By acting as a middleman between your computer and Google, Scroogle prevented this cookie, your search terms, and your IP address from being logged by Google. Moreover, Scroogle didn’t use any cookies of its own, save your search terms, or even keep their own logs more than 48 hours.
Best of all for those searching from work or over insecure WiFi, there was a SSL-encrypted version of the search scraper.
But now, Big Brother Google has removed the interface Scroogle’s scraper used.
We regret to announce that our Google scraper may have to be permanently retired, thanks to a change at Google. It depends on whether Google is willing to restore the simple interface that we’ve been scraping since Scroogle started five years ago. Actually, we’ve been using that interface for scraping since Google-Watch.org began in 2002.
This interface (here’s a sample from years ago) was remarkably stable all that time. During those eight years there were only about five changes that required some programming adjustments. Also, this interface was available at every Google data center in exactly the same form, which allowed us to use 700 IP addresses for Google.
That interface was at http://www.google.com/ie but on May 10, 2010 they took it down and inserted a redirect to /toolbar/ie8/sidebar.html. It used to have a search box, and the results it showed were generic during that entire time. It didn’t show the snippets unless you moused-over the links it produced (they were there for our program, so that was okay), and it has never had any ads. Our impression was that these results were from Google’s basic algorithms, and that extra features and ads were added on top of these generic results. Three years ago Google launched “Universal Search,” which meant that they added results from other Google services on their pages. But this simple interface we were using was not affected at all.
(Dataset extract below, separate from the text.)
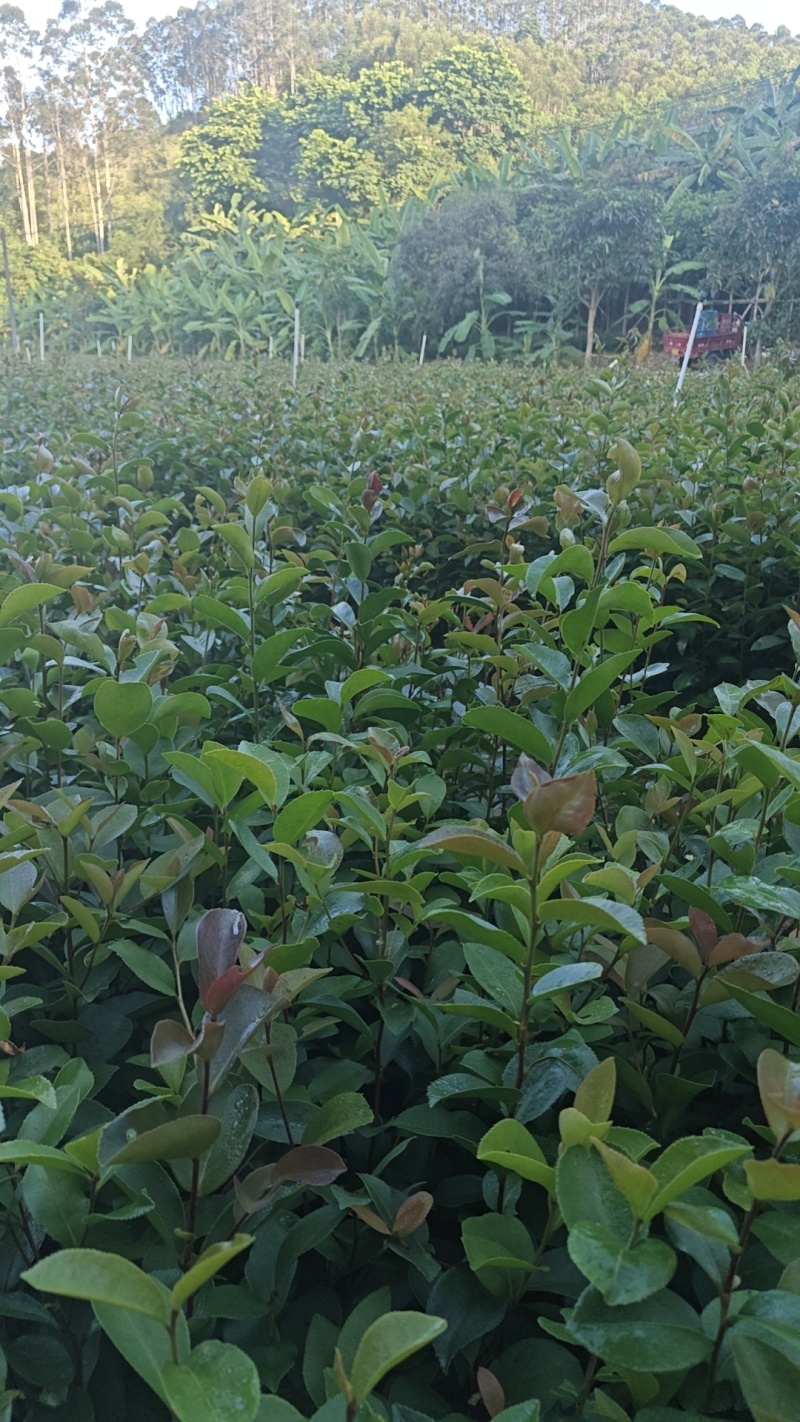 油茶苗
Now that interface is gone. It is not possible to continue Scroogle unless we have a simple interface that is stable. Google’s main consumer-oriented interface that they want everyone to use is too complex, and changes too frequently, to make our scraping operation possible.
Over the next few days we will attempt to contact Google and determine whether the old interface is gone as a matter of policy at Google, or if they simply have it hidden somewhere and will tell us where it is so that we can continue to use it.
Thank you for your support during these past five years. Check back in a week or so; if we don’t hear from Google by next week, I think we can all assume that Google would rather have no Scroogle, and no privacy for searchers, at all.
— Daniel Brandt, Public Information Research, scroogle AT lavabit.com
This is an extremely unfortunate event — we have been denied the right to have SECURE, PRIVATE acess to Google’s search results. Please, make everyone you know that uses Google and/or is concerned about online privacy aware of these issues and this move by Google to further squelch privacy.
Hopefully Google will reinstate the ability for others to scrape from their engine, whether by resurrecting the http://www.google.com/ie used by Scroogle or by creating a standardized API.
Hopefully this was just a mistake on Google’s part.
Hopefully there won’t be any more severe, tornadic thunderstorms here in the Mid-western United States.
Hopefully pigs will start flying soon. 😀